%%
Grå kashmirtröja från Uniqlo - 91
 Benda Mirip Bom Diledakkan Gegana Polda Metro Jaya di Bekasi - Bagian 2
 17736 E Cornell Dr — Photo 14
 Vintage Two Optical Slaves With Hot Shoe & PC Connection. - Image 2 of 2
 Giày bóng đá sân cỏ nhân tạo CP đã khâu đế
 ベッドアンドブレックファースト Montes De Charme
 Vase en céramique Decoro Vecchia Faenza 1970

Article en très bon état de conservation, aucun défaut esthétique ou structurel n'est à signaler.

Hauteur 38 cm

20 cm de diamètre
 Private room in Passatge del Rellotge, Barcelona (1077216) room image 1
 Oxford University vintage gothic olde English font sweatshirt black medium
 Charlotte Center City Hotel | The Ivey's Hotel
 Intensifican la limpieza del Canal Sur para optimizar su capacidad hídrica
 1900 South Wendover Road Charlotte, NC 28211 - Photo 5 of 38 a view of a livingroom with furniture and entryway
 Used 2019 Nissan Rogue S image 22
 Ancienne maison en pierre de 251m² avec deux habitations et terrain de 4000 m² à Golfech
%%
Task requirements — Tally the lines of the records that contain the word "Charlotte", then give only the tally.

Output for this task — 2